5

We have 5 Windows 2003 R2 SP2 Std x64 terminal servers that are set to reboot each night all within 45 mins of each other. Frequently at least one of them will not respond to RDP requests after reboot. If I connect to console I can login just fine. Netstat shows TS listening on 3389 etc. Only way I am able to get them to respond again is to reboot manually.

All terminal servers show the following errors in the event log after reboots (however not all of them arent responding, most work fine post reboot)

Event ID 5719 - Error - Netlogon - This computer was not able to set up a secure session with a domain controller in domain DOMAIN due to the following: There are no logon servers available.

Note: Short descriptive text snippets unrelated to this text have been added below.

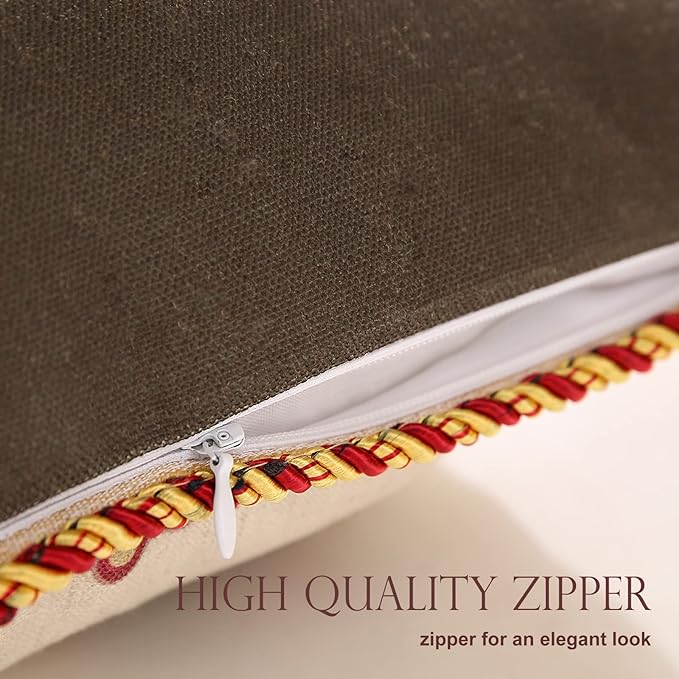 patdrea Designer Throw Pillow Covers 12"x20",Vintage Red Flying Bird Pattern Linen Pillowcases with Tassel Edges Pillows Cover for Couch,Decorative Lumbar Cushion for Bed Outdoor Car,Set of 2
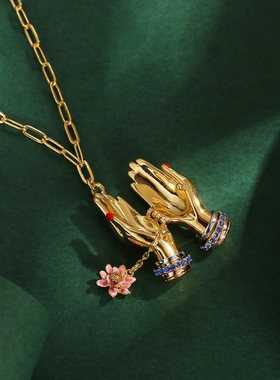 金色手掌可打开项链潮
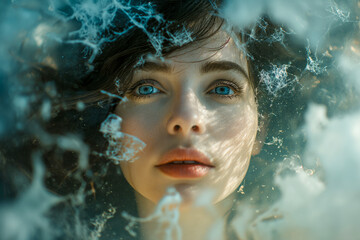 Dreamlike Portrait of a Woman with Icy Blue Eyes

Event ID 4321 - Error - NetBT - The name DOMAIN :1d" could not be registered on the interface with IP address [IP address]. The machine with the IP [IP address of domain controller] did not allow the name to be claimed by this machine.

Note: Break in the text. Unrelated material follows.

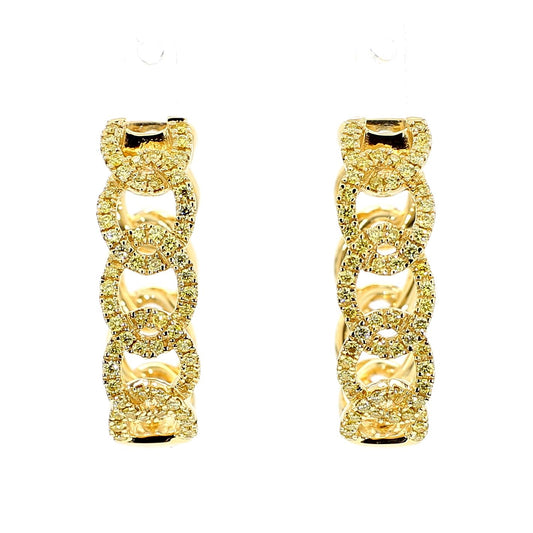 Natural Yellow Round Diamond 0.63 Carat TW Yellow Gold Hoop Earrings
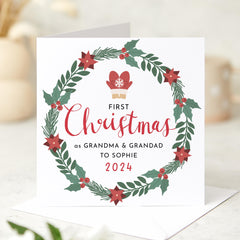 First Christmas As Grandma & Grandad Card With Grandchild Name And Cute Floral Circle Design Xmas Date Happy 1St Xmas As My Grandad Nanny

However, those events show up on the machines that successfully reboot as well. Can someone please assist me with troubleshooting this problem? Like I said, it doesnt happen every time or on every server. Only sometimes are one or two servers. Very frustrating.

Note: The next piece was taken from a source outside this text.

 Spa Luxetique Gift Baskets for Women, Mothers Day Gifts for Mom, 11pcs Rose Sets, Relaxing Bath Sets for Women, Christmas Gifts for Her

Thanks for any assistance!

floyd
  • 1,530
  • 4
  • 19
  • 30
  • 7
    Why are you rebooting every night? – DanBig Jul 07 '12 at 22:46
  • Unfortunately this is out of my control, I believe it is due to the belief that the servers run out of resources after continued use. Forces all users to disconnect and have all resources opened each business day. – floyd Jul 08 '12 at 05:53
  • You can go into the Computer Management and set timeout limits so that all of the users accounts are logged off automatically after a set amount of time. But @DanBig is right in asking "Why are you rebooting every night"... you shouldn't be. You should fix whatever is wrong, instead. – David W Jul 08 '12 at 22:03
  • I realize that we shouldnt be rebooting every night. Unfortunately as I mentioned this is out of my control. I think its reasonable to expect an OS to be able to reboot nightly without running into these issues as well. – floyd Jul 08 '12 at 22:20
  • I think its reasonable to expect an OS to be able to go witout rebooting every night :). But as you said it's out of your controll. My feeling is just that you should avoid these things because in larger networks the reconnecting and reesablishing of all links can be more troublesome. Maybe you should have a word with the people who are in charge of this. To get back to the Problem: It seems like a problem with your Domain Controller. – Christopher Perrin Jul 08 '12 at 23:00
  • Can you ping the server after it wont RDP? My bet is that its a network issue. – Fergus Jul 10 '12 at 01:15
  • Yes, I can ping the server. I can even use remote mmc's from the other servers and view event logs, query running services etc. When querying service it shows terminal services running, when I use psexec and do a netstat -an, it does not show anything listening on 3389. If I hook a console to the server I can even login to the domain! It's crazy! :) Rebooting again almost always corrects the issue. – floyd Jul 10 '12 at 03:04
  • 1. This might sound trivial, but are the domain controlers or DNS servers also booted every night causing these problems? 2. Can you try to reboot the server in another timeframe (e.g. schedule the reboot 3 hours later on all servers) and see if this still happens happens? 3. Do these servers use DHCP? If so try a static IP instead. – ZEDA-NL Jul 10 '12 at 08:19
  • The DC is not rebooting. The servers and DC are all using static IPs. – floyd Jul 10 '12 at 14:31
  • I know you've said it is out of your control but, Terminal Services Management has the ability to logout disconnected or idle users as well. The options are available in Terminal Services Configuration -> Connections -> RDP-TCP -> Properties -> Sessions. Setting the limits to 4 hours helped keep our 2003 Terminal Server up and happy. OK...all that said, if when the error occurs if you restart "Terminal Services" in services.msc, does the issue go away? It could be trying to start the service before being attached to the domain and barfing. – MikeAWood Jul 12 '12 at 00:47
  • Services.msc does not allow you to restart terminal services in 2003, I have tried however to kill and restart the svchost process hosting termservices, and then restarting termservices and this also does not work. – floyd Jul 12 '12 at 04:02

4 Answers4

2

Sounds like a problem with TS services on the impacted servers. Maybe they're hung, or waiting on a response from the DC that got lost or garbled on the network, or failed to start correctly when the OS booted, etc.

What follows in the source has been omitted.